My Shot from Hamilton
Book, music and lyrics by Lin-Manuel Miranda

There's no denying Hamilton is a cultural milestone and a pop culture phenomenon. In 2016, it won 11 Tony Awards, including Best Musical, and it picked up the Pulitzer for Drama. The award parade continues as the show goes international, recently winning seven Olivier Awards in London.

Tickets

Getting tickets for the show on Broadway requires either patience and flexibility in scheduling or a whole lotta Hamiltons (seats, at face value, run $229 to $749 each; the infamous "resale" market pushes prices north of $2,000 — and, yes, that is insane).

Hamilton online queue

Getting tickets to the Denver touring production was nothing more than by luck for those who weren't subscribers to Denver Center's Broadway season. Subscribers got first dibs on the show, which itself wasn't part of the season package. Everybody else had to rely on Queue-It and good luck in getting a low, randomly-generated space in the online queue (which bloated out to something like 250,000 people, not including those calling the box office on the phone or standing physically on the line at the box office).

Others, like me, lucked out with a Queue-It glitch involving proxy servers and the failure to compensate for time zone changes. By that magical twist of fate, I had tickets at 9:10, even though tickets officially went on sale at 10:00 back on 22 January.

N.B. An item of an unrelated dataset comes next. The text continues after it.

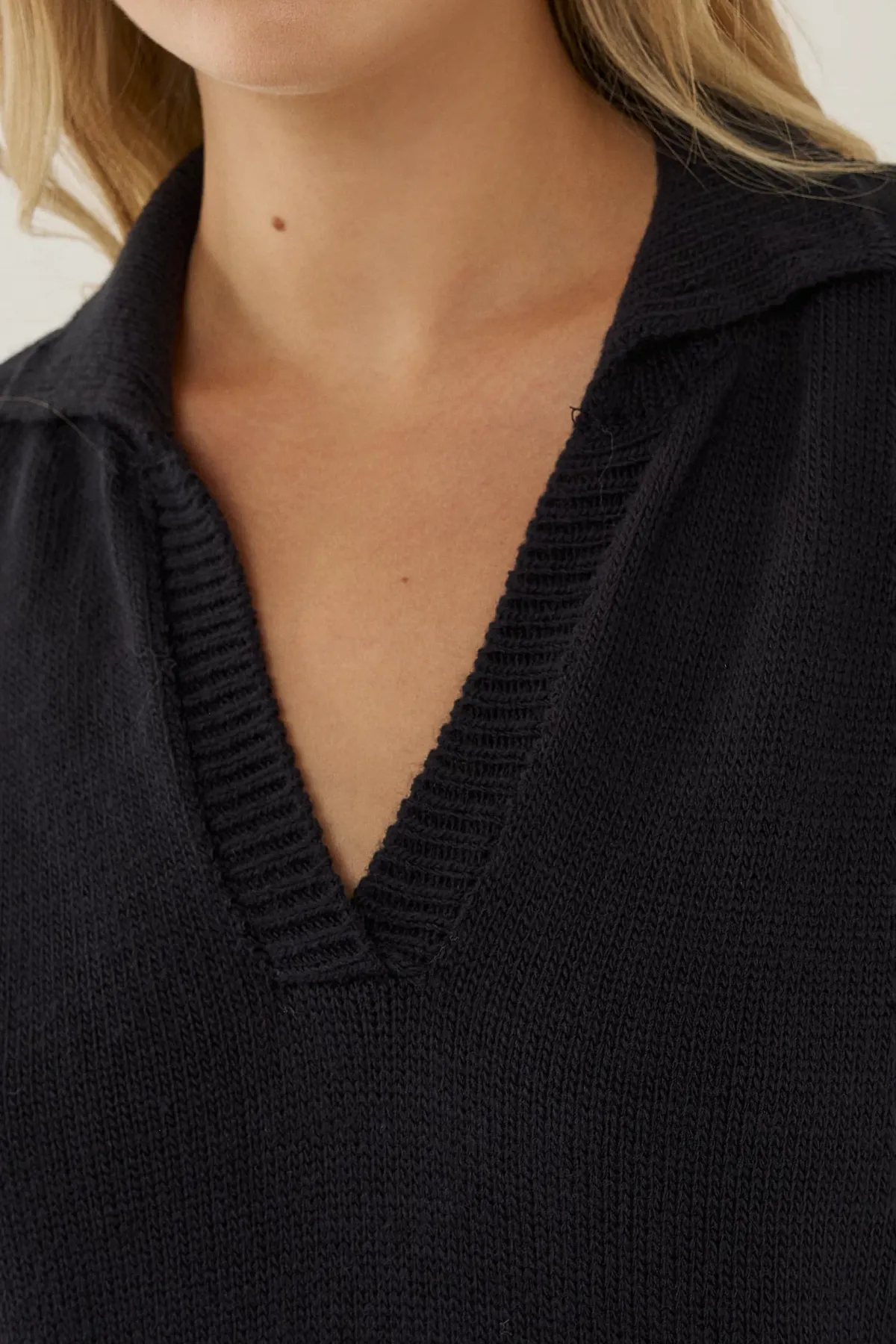 Polo Collar Knit Sweater 3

With three touring productions (each so tightly scheduled, adding extra dates to any given city's run is a pre-determined no-go) along with shows in London and the New York home base, Hamilton is a money-making machine.

Music

That's all fine and good. The show's music has earned its accolades. Indeed, it's the music that makes the show. My Shot? Yeah. That's a great song.

And the subject matter — a biographical account of Alexander Hamilton — is given clever modern spins. Thomas Jefferson, for example, is cast as a sort of contemporary Prince (humorously missing out on the action while in Paris, as played out in the song What'd I Miss). And the King of England provides some comic relief in songs such as You'll Be Back and What Comes Next? as he views the events in America with extreme skepticism.

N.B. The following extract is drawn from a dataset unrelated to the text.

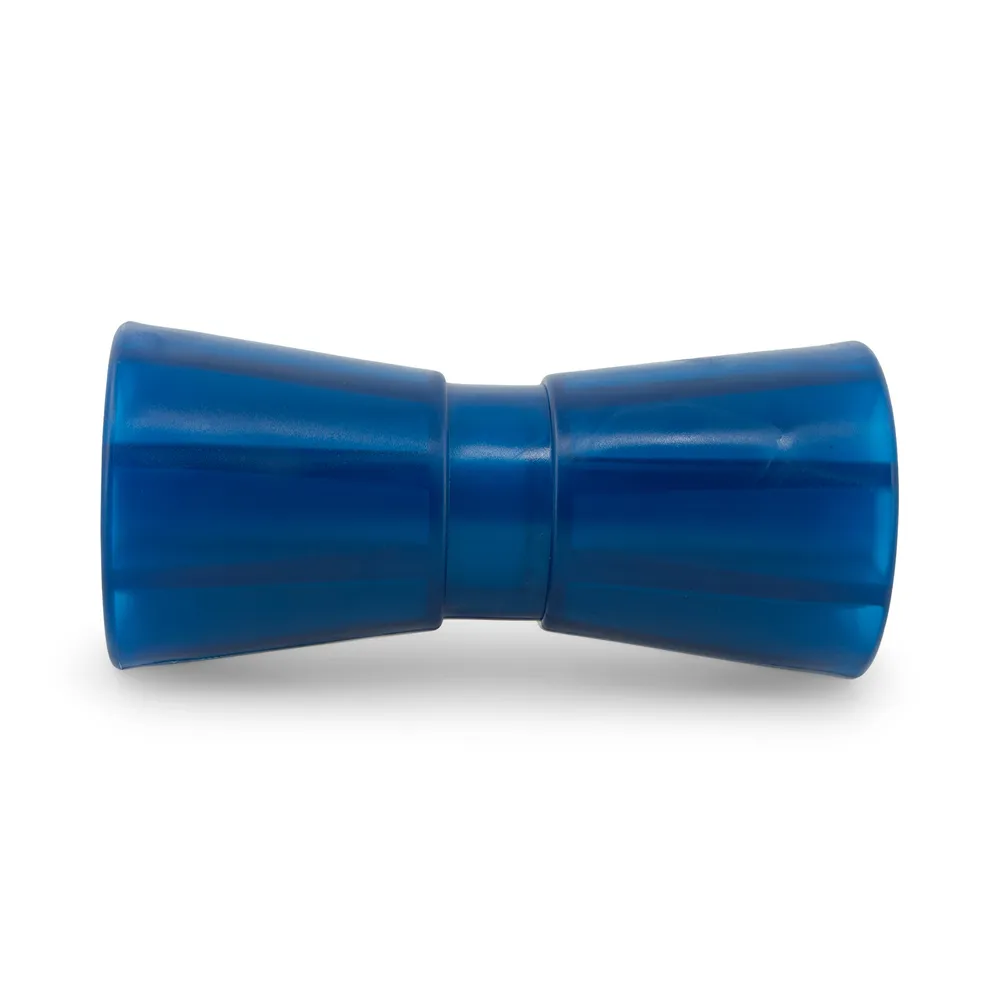 8 inch Blue Poly Vinyl Keel Roller Assembly Kit for 3 inch x 3 inch Trailer Frame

It's a significant slice of American history spiced up for today's audiences with modern sensibilities. And a slick, inspirational ending hook asks, "Will they tell your story?"

If it does anything to get audiences young and old back into a serious conversation about America and its place in history (and reigniting interest in history in general, for that matter), then I'm all for it.

Staging

But now comes the bit that might sound treasonous to some.

While I haven't had a shot at seeing the show on Broadway, I can say the show, at least on the road, has its problems.

I've grown accustomed to a certain kind of event experience. U2 shows — whether in arenas or stadiums — fill the venue with magisterial sound. Movies presented in IMAX enwrap audiences in surround sound that shakes the seats.

But attending Hamilton at the Buell was like taking a step back in time — and I'm not referring to the show's setting in the late 1700s and early 1800s. It was my first show at the Buell in more than a year — almost two — and I had forgotten about its limitations.

The sound design and system were awful. And, by show's end, the at-capacity theatre was uncomfortably hot.

Production-wise, it was also like stepping back in time to 1987. The staging was exactly like a little show called Les Miserables, set in roughly the same historical time period (albeit in France rather than the emerging country now known as the United States of America). There are a surprising number of parallels with Les Mis. There's the aforementioned staging and historical timeline. And both shows are based on books. Les Miserables is based on Victor Hugo's sweeping, massive novel, first published in 1862 (and which Alfred Hitchcock, of all people, noted would make a terrific musical). Hamilton's based on Ron Chernow's sweeping, massive biography of Alexander Hamilton, published in 2004. It had to take a keen eye to envision Chernow's detailed biography as a hip-hop musical.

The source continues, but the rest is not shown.